Uno vuelve, según dicen, a los lugares donde fue feliz. En 2015 participé en el Verano de Investigación Científica de la Academia Mexicana de Ciencias trabajando con el Dr. Carlos Sola Ayape del TEC de Monterrey campus Ciudad de México. El trabajo fue realizado en la Biblioteca Miguel Lerdo de Tejada. Fue la primera vez que conocí dicho recinto. Trabajé con periódicos de 1939 para ubicar noticias sobre la Falange en México. Pero también fuimos a hacer trabajo de archivo al Archivo del Arzobispado de México.
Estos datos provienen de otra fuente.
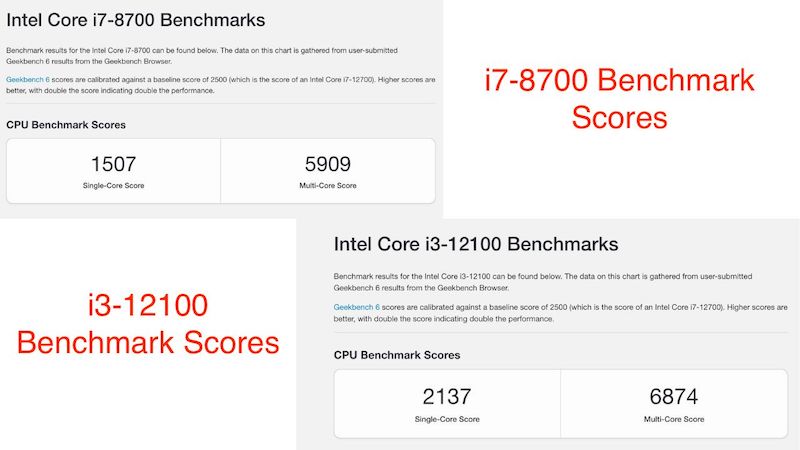 i3-12100 vs. i7-8700 Benchmarks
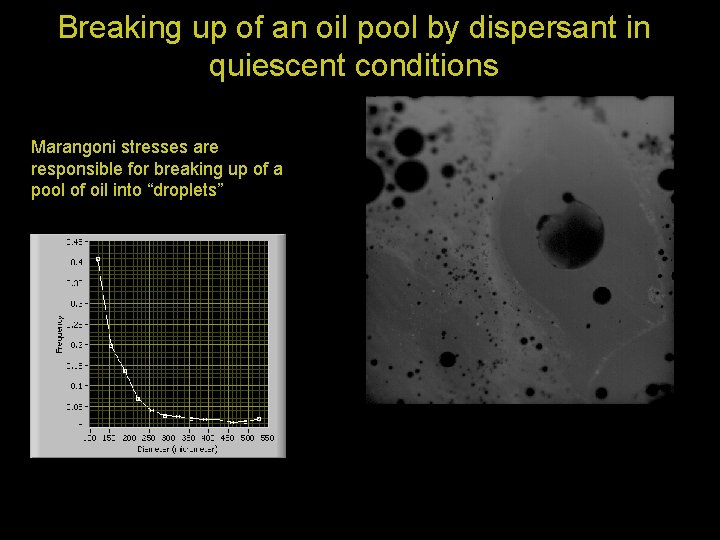 Breaking up of an oil pool by dispersant in quiescent conditions Marangoni stresses are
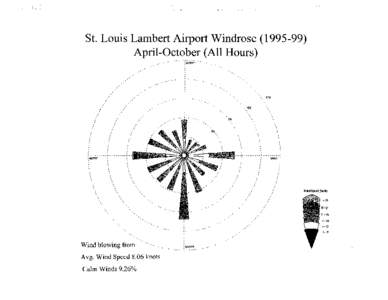 St. Louis Lambert Airport Windrose[removed]April-October (All Hours) : NORTH- , ,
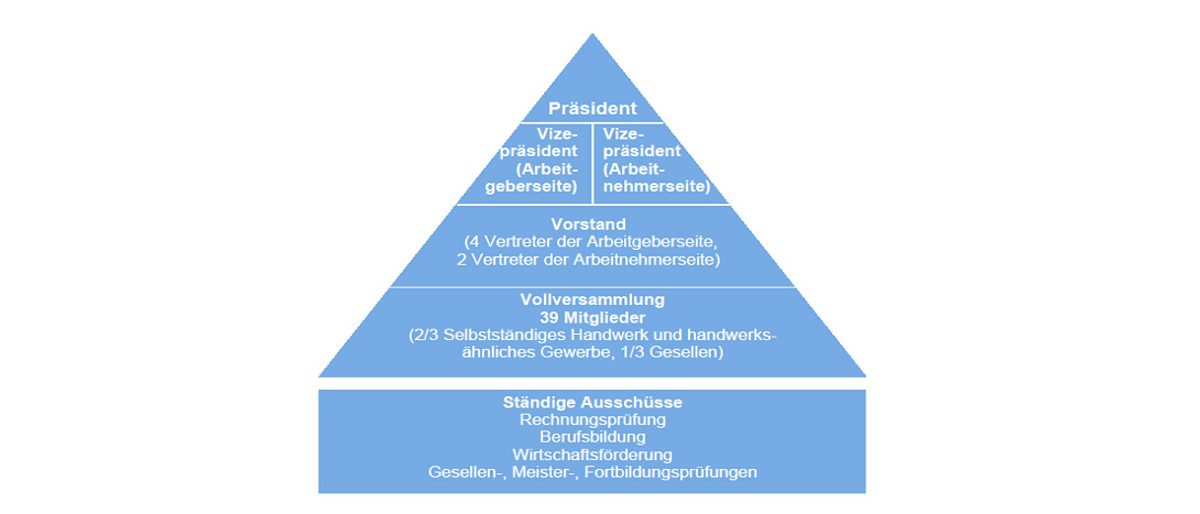 Struktur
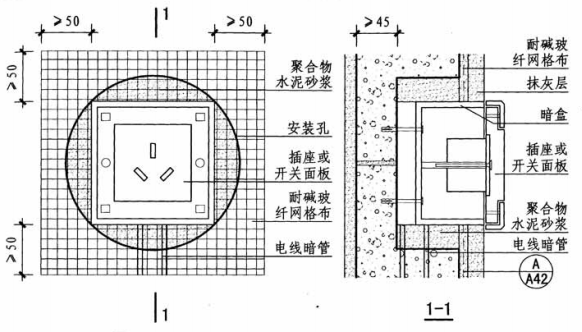 蒸壓加氣混凝土條板開(kāi)關(guān)、插座、線盒安裝詳圖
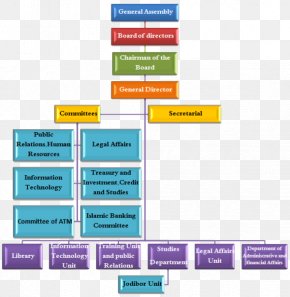 Organizational Chart Diagram Emirates Board Of Directors, PNG ...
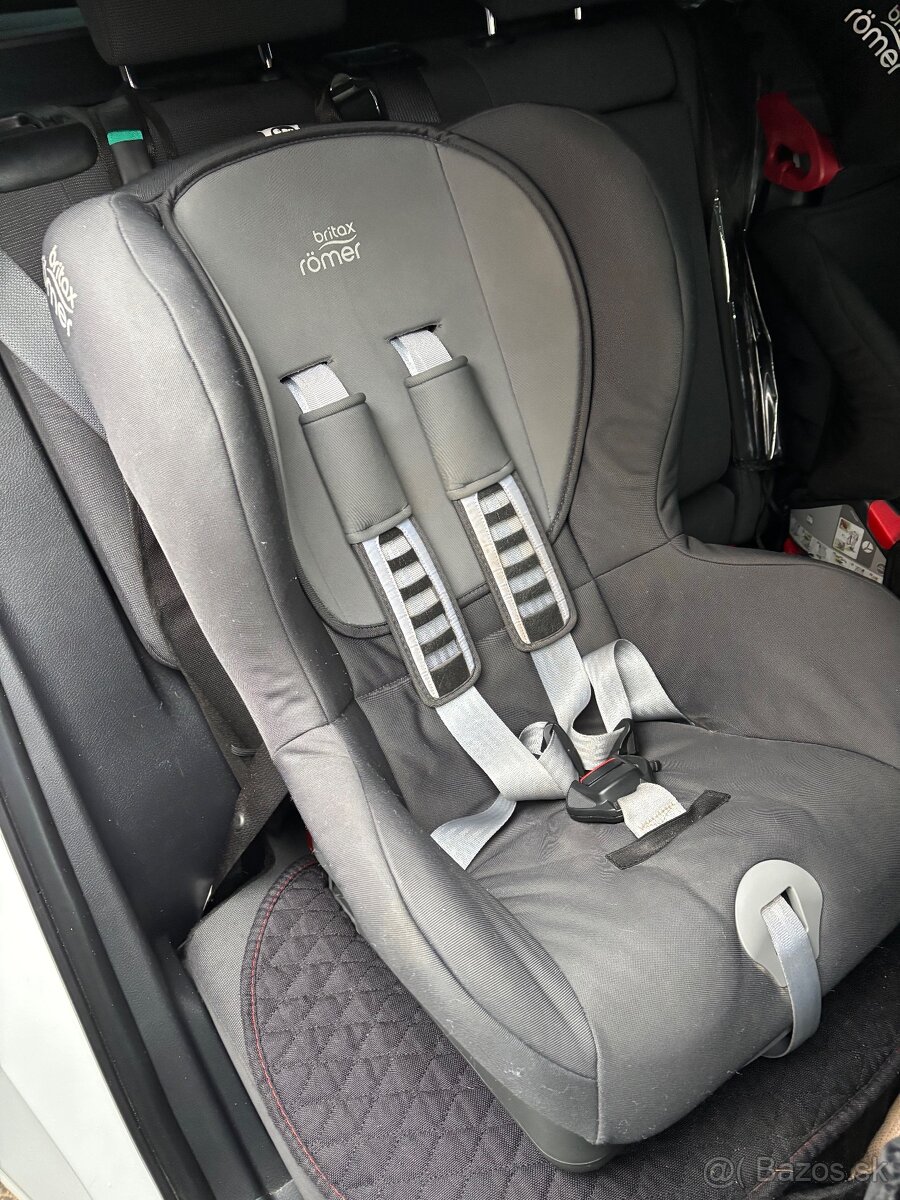 Predám autosedačku Britax Römer Duo Plus – 120 €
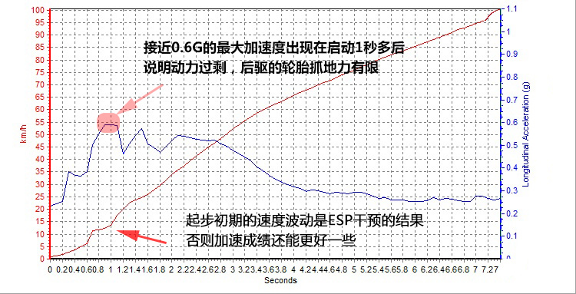 有惊也有喜 凯迪拉克CT4性能测试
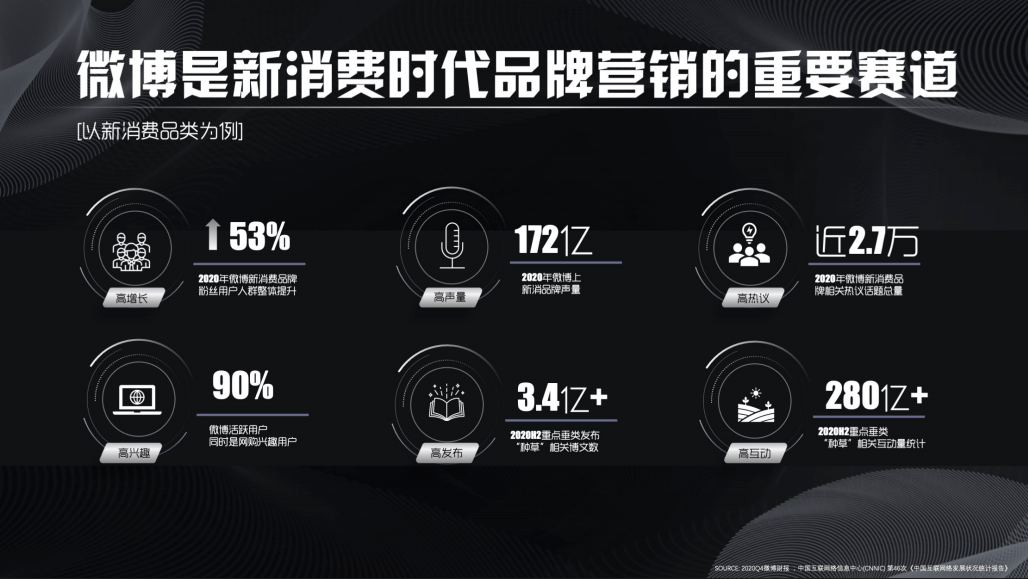 如何通过“涨粉丝灯牌”提升社交媒体关注度,快速打造个人品牌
Fue una práctica estudiantil muy productiva y provechosa para mi formación en historia.

Después de eso recurrí en parte a algunos ejemplares que la misma Biblioteca tenía digitalizados del Diario de México, para mi tesis de licenciatura. Pero en esa ocasión no fui a realizar trabajo directo de archivo ni consulta del fondo reservado de esta institución.

Este mes de mayo fui en cambio a consultar personalmente el Diario de México, dos tomos de 1811. Fui registrado como nuevo investigador del acervo y volví a esta inmejorable recinto del saber. Sin duda deberé regresar, pero lo que sí es cierto es que ir a la Miguel Lerdo de Tejada me hace muy feliz.